Four K classes. Count all the teachers k thru five and you can come up with an average class size based on last years numbers.

Or simply ask a neighbor how many kids are in the class.

Anecdotally, the class sizes in the W school pyramids are much larger than other parts of the county.


We are in Churchill with 20 kids in K.
Anonymous
Anonymous wrote:
Anonymous wrote:How do you find out class sizes? I've looked at MCPS website info for the school, it has # of students for each grade, but does not list # of teachers by grade - only totals. PTA doesn't have that info either.

Basically, I am trying to find out how overcrowded are Wood Acres/Pyle/Whitman are at the moment.


They are deemed overcrowded by parents who want 15 kids per class. In actual fact they are not overcrowded. Wood acres has just had a rebuild. Pyle and Whitman are due for the same in the next few years.


So how many in actual fact are there? 20? 30?
Anonymous
Anonymous wrote:This won't get you very useful information. MCPS has countywide class size caps. So each year, you divide the number of students into classes as close to the caps as possible. Class sizes will vary from year to year depending on how many kids there are.


OP here and at the risk of sounding like an idiot - what happens if they are over the class size cap? For example, enrollment for 2nd grade is 132, there are 4 2nd grade teachers in the directory so works out to 32 students per class. Official cap for a non-focus 2nd grade is 28. What do they do with surplus? Are they allowed to carry on as is?

Btw, hats off to everybody who took the time to comment "it's simple math" without pointing out where to get the missing data points. Utterly unhelpful. Obviously, I didn't know about separate school site with a detailed directory (and thanks to the PP who mentioned it, although that comment didn't really need to be mean spirited either. I don't have children yet, I am just trying to sort out where to buy a house).
Anonymous
They can opt to do a mixed class: half 1st graders and half 2nd graders. It's not ideal, but that's what usually happens when the numbers don't justify another class.
Anonymous
Anonymous wrote:
Anonymous wrote:This won't get you very useful information. MCPS has countywide class size caps. So each year, you divide the number of students into classes as close to the caps as possible. Class sizes will vary from year to year depending on how many kids there are.

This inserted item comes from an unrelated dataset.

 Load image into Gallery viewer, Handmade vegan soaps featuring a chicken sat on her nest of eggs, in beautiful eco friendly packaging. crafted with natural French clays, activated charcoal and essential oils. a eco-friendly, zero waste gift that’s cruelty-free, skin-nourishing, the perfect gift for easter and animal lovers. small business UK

OP here and at the risk of sounding like an idiot - what happens if they are over the class size cap? For example, enrollment for 2nd grade is 132, there are 4 2nd grade teachers in the directory so works out to 32 students per class. Official cap for a non-focus 2nd grade is 28. What do they do with surplus? Are they allowed to carry on as is?

Btw, hats off to everybody who took the time to comment "it's simple math" without pointing out where to get the missing data points. Utterly unhelpful. Obviously, I didn't know about separate school site with a detailed directory (and thanks to the PP who mentioned it, although that comment didn't really need to be mean spirited either. I don't have children yet, I am just trying to sort out where to buy a house).


10:41 told you where to get the info, op. No clue why it never occurred to you to check the school's actual site to see the teacher directory. Life must be hard for you.
Anonymous
It is simple math if you have the max class sizes. You don't even need the number of teachers per grade, just look at the total kids per grade.

Here they are for this year.

Kindergarten 1 2 3 4 5
Non-Focus 25 27 27 27 29 29

Also this is heavily dependent by year and the number of kids enrolled rather than the school. My DD's 3rd grade class has 27 students but her friend's 2nd grade class has 19 at the same school. For 2nd grade there were 2-3 extra students that triggered the creation of a fourth "extra" class this year making all the classes very small.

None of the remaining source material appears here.